**INSTRUCTIONS TO FOLLOW:** From the line with "Royalty Line Inductie" to the line with "Blusa lisa manga corta Mujer", retype every line exactly, including those two, and leave out the rest of the data below.

**MATERIAL PROVIDED:**
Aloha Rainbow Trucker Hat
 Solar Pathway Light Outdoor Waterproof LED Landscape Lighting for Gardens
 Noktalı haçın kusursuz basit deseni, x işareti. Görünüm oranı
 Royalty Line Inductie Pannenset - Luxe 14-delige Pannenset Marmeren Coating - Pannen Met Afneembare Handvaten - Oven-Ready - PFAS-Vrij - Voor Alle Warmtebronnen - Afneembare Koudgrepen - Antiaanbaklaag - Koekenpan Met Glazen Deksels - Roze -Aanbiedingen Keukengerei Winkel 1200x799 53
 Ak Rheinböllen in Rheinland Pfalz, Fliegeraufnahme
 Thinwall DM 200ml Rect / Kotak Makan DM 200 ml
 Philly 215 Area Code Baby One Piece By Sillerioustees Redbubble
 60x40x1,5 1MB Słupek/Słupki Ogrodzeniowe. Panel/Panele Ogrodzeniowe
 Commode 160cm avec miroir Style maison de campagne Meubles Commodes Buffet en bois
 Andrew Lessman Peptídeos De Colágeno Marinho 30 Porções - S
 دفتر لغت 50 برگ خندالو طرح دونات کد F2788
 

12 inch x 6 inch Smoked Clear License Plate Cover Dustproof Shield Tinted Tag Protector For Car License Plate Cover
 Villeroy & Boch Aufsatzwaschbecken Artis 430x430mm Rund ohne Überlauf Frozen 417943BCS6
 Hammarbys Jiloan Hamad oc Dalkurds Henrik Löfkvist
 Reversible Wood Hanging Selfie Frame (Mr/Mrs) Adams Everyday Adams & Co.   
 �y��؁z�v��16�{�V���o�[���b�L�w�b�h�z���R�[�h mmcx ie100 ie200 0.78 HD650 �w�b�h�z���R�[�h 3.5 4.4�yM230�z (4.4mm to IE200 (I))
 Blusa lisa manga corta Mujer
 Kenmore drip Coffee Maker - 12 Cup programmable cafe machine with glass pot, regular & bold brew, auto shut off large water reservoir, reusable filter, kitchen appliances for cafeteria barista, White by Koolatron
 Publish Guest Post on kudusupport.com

**REPLY TO THE EXERCISE:**
 Royalty Line Inductie Pannenset - Luxe 14-delige Pannenset Marmeren Coating - Pannen Met Afneembare Handvaten - Oven-Ready - PFAS-Vrij - Voor Alle Warmtebronnen - Afneembare Koudgrepen - Antiaanbaklaag - Koekenpan Met Glazen Deksels - Roze -Aanbiedingen Keukengerei Winkel 1200x799 53
 Ak Rheinböllen in Rheinland Pfalz, Fliegeraufnahme
 Thinwall DM 200ml Rect / Kotak Makan DM 200 ml
 Philly 215 Area Code Baby One Piece By Sillerioustees Redbubble
 60x40x1,5 1MB Słupek/Słupki Ogrodzeniowe. Panel/Panele Ogrodzeniowe
 Commode 160cm avec miroir Style maison de campagne Meubles Commodes Buffet en bois
 Andrew Lessman Peptídeos De Colágeno Marinho 30 Porções - S
 دفتر لغت 50 برگ خندالو طرح دونات کد F2788
 

12 inch x 6 inch Smoked Clear License Plate Cover Dustproof Shield Tinted Tag Protector For Car License Plate Cover
 Villeroy & Boch Aufsatzwaschbecken Artis 430x430mm Rund ohne Überlauf Frozen 417943BCS6
 Hammarbys Jiloan Hamad oc Dalkurds Henrik Löfkvist
 Reversible Wood Hanging Selfie Frame (Mr/Mrs) Adams Everyday Adams & Co.   
 �y��؁z�v��16�{�V���o�[���b�L�w�b�h�z���R�[�h mmcx ie100 ie200 0.78 HD650 �w�b�h�z���R�[�h 3.5 4.4�yM230�z (4.4mm to IE200 (I))
 Blusa lisa manga corta Mujer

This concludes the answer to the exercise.